ABOUT ME

About me: My husband Chuck, our six-year-old Junior, our three-year-old Everette and I live in a town in Connecticut I affectionately call Mulletville Lite (aka my childhood hometown). My friends call me Nutjob, and they're right. In my husband's spare time he dresses up as a Viking and chases ghosts (and I'm the nutjob?). When I'm not busy working as a graphic designer, I lie in a ball in the corner.

Tuesday, January 31, 2012

Important bedtime discussions

Every time my mother comes to Connecticut to babysit the two kids, she spends the night. It's just the way it goes. She lives a few states over. The poor woman can't spend her life on the highway.

As much as I appreciate the free (and loving) childcare, having my mother hunker down with us two or three nights a week gets old really fast, especially since we don't have a guest room. When she starts rubbing her eyes at 8:45 pm and unpacking her pajamas, Chuck and I retreat up to the bedroom.

If we were a horny pair of 17-year-old virgins, the last part of that sentence would have ended with Wink, wink. (Or heavy petting followed by wahooooooo!

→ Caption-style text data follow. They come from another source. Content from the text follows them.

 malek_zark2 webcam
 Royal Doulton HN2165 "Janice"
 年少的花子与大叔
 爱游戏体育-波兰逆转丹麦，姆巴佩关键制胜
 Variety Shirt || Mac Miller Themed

Again!) Sadly, we are a somewhat middle-aged pair of stressed out, exhausted parents who are leaking hormones left and right.

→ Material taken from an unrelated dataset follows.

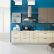 Kitchen Blue Kitchen Wall Colors Modern On Throughout Green KITCHENTODAY 13 Blue Kitchen Wall Colors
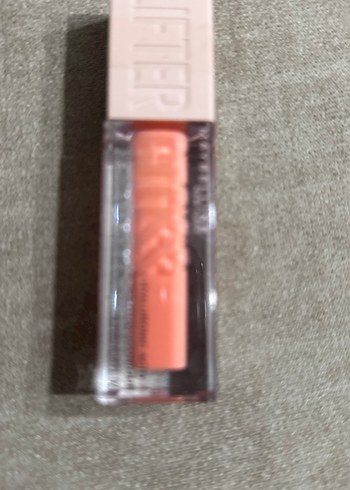 Maybelline New York AÇILMAMIŞ Lifter Gloss - Görsel 2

Instead of rockin' the roost, we have conversations like this one:

Me: Why don't we like horses? Shouldn't one of us like horses?

Chuck: I don't know.

Me: Some people really like horses. What happened to us?

Chuck: Um, I don't know.

Me: Should we go to a stable and try to like a horse? You know, brush one or something?

Chuck: If you want to...

Me: People who like horses seem to like to brush them. Maybe that's what happened: We never got into grooming a horse.

Chuck: Could be.

Me: Would you go to a stable with me? If I suddenly became obsessed with horses? Even if we had to get up at eight in the morning and drag the kids? Even if it was the last thing you wanted to do?

Chuck: I guess.

Me: What do you mean, You guess?

Chuck: I mean, sure.

Me: It's that kind of ambivalence that's going to lead us straight to divorce court.

Chuck: [Sigh] Really? We're going to divorce because of a horse we don't even know if we like?

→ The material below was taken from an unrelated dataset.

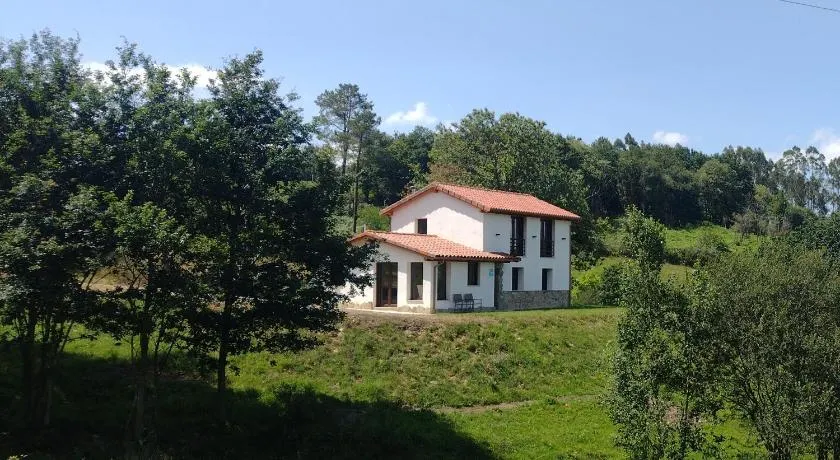 Casa Rural Tulia - Image 1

Me: Stranger things have happened.

Chuck: I think we should go to sleep.

Me: What about the horse thing? Shouldn't we make a decision? Like, are we horse people or not?

Chuck: We're not! Shut up and go to sleep.

Me: I guess you never read Black Beauty as a kid...

Chuck: Goodnight...

Me: You're not even going to try to get with me?

Chuck: All the horse talk kind of killed it.

Me: If this marriage is going to work, you're going to have to love me and my horse.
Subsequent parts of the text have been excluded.